** Supplied material follows **
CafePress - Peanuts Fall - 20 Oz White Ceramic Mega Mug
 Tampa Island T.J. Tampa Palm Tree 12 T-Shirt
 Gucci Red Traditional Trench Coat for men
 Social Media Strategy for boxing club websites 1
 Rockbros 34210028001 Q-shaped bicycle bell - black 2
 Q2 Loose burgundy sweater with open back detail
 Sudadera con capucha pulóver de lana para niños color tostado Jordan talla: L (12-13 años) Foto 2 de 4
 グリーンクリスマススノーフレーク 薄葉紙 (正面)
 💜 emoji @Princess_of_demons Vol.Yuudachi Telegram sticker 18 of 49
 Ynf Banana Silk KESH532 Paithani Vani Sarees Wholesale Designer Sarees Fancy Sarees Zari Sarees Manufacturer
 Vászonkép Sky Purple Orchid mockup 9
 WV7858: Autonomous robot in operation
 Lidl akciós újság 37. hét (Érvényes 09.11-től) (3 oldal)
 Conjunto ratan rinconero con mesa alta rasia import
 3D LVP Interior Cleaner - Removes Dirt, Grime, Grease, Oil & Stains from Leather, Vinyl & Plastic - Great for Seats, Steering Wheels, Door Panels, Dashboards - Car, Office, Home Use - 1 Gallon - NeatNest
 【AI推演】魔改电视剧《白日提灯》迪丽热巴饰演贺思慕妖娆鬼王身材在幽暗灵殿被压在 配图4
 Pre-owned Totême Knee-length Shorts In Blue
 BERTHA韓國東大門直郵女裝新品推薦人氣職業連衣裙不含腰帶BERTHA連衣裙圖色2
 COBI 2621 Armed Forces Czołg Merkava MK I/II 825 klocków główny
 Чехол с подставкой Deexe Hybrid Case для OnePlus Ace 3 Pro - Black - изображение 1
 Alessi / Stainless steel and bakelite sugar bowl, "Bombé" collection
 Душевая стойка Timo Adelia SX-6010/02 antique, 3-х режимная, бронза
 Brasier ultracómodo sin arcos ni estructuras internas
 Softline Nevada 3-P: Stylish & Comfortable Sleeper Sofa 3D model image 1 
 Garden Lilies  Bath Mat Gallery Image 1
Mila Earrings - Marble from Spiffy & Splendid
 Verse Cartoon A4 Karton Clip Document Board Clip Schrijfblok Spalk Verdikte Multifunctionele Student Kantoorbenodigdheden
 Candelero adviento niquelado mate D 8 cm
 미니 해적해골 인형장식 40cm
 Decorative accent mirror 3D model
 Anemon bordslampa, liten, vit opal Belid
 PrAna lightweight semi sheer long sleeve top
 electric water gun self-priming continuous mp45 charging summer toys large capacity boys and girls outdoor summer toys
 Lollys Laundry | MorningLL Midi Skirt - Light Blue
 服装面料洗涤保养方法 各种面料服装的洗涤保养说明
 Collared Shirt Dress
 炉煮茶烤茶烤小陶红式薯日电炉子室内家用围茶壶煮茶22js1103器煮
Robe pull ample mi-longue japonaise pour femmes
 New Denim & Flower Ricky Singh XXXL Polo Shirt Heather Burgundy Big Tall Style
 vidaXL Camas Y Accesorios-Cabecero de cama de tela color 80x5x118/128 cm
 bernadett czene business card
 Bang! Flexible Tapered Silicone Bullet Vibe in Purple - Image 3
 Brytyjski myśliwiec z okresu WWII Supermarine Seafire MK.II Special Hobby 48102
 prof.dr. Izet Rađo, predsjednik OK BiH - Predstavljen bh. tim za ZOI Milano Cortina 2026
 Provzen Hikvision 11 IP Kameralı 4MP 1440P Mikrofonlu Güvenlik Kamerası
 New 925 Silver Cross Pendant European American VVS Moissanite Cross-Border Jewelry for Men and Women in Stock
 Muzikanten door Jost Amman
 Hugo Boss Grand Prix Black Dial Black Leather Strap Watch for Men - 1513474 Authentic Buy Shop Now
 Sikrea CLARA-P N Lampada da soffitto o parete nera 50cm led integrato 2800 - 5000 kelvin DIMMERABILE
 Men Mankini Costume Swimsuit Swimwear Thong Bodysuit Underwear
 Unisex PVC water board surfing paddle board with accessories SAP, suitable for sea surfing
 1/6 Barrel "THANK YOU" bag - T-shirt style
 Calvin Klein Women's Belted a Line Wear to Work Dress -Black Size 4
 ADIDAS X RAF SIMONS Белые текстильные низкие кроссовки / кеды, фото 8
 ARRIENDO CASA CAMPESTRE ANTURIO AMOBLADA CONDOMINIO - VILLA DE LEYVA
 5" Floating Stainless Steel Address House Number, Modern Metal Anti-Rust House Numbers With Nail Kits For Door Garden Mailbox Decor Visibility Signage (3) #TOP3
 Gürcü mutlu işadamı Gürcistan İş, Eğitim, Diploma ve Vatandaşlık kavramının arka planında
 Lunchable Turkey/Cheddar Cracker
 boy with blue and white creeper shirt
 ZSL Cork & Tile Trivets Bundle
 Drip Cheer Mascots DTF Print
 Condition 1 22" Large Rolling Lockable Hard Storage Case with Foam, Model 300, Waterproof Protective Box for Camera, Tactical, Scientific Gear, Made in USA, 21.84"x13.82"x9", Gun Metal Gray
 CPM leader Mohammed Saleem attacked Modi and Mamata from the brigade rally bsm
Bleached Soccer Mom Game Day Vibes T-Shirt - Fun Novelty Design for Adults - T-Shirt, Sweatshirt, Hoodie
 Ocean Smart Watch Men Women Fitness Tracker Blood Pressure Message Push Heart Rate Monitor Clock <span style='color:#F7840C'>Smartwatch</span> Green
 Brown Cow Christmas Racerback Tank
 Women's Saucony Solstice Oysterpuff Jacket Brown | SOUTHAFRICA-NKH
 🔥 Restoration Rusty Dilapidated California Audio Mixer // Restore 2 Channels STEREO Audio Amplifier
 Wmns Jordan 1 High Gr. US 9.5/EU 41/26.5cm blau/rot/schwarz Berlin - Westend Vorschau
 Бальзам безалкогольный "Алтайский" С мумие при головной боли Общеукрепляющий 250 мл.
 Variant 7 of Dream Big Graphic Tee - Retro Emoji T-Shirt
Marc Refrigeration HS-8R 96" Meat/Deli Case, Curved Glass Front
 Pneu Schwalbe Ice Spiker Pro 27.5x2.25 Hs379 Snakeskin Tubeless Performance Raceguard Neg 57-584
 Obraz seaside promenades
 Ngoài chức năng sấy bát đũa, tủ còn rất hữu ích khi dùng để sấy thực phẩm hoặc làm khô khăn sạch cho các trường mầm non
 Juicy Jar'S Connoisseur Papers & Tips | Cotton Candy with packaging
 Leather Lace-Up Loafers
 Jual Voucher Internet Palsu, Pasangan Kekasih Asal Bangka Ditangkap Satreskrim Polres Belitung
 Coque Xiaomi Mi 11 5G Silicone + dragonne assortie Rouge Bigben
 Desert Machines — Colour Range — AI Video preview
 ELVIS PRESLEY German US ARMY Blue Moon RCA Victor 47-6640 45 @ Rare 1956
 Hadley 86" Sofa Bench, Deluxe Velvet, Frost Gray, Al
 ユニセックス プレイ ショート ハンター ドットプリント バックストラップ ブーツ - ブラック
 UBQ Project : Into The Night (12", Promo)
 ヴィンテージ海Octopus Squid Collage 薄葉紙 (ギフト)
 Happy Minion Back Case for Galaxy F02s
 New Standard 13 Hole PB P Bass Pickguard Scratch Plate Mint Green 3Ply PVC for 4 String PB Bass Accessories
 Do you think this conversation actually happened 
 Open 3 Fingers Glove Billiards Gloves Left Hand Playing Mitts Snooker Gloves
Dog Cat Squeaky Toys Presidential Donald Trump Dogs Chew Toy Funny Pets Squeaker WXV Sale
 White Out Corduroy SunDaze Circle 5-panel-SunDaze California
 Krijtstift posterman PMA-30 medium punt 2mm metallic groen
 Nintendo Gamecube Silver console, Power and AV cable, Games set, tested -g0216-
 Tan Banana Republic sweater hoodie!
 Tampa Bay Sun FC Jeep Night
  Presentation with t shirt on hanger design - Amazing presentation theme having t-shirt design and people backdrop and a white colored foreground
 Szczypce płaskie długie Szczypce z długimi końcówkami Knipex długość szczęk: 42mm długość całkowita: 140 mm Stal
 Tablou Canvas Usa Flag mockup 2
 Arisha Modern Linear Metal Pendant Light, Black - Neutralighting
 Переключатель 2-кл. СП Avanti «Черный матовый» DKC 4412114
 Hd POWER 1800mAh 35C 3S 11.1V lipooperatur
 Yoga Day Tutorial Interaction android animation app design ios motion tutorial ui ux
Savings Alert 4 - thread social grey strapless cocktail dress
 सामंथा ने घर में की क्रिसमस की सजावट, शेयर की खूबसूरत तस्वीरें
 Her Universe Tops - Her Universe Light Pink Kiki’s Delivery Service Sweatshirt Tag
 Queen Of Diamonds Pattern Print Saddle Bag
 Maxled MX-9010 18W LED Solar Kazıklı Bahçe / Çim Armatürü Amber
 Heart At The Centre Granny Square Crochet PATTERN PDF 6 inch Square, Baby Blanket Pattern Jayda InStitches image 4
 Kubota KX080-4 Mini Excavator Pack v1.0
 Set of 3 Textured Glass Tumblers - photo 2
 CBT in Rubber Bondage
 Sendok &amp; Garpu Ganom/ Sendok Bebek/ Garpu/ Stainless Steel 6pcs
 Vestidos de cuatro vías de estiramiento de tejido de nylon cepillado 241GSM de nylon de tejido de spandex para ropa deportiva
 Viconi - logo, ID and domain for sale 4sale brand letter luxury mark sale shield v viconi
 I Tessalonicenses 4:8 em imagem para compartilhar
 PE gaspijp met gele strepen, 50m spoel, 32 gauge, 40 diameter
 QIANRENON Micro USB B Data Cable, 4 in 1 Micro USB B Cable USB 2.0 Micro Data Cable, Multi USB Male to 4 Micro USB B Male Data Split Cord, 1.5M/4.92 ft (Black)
** End of Supplied material **
▶ **Problem**:
Please filter the entries above down to the lines holding "Pendant" and copy them.

▶ **Problem solution**:
 New 925 Silver Cross Pendant European American VVS Moissanite Cross-Border Jewelry for Men and Women in Stock
 Arisha Modern Linear Metal Pendant Light, Black - Neutralighting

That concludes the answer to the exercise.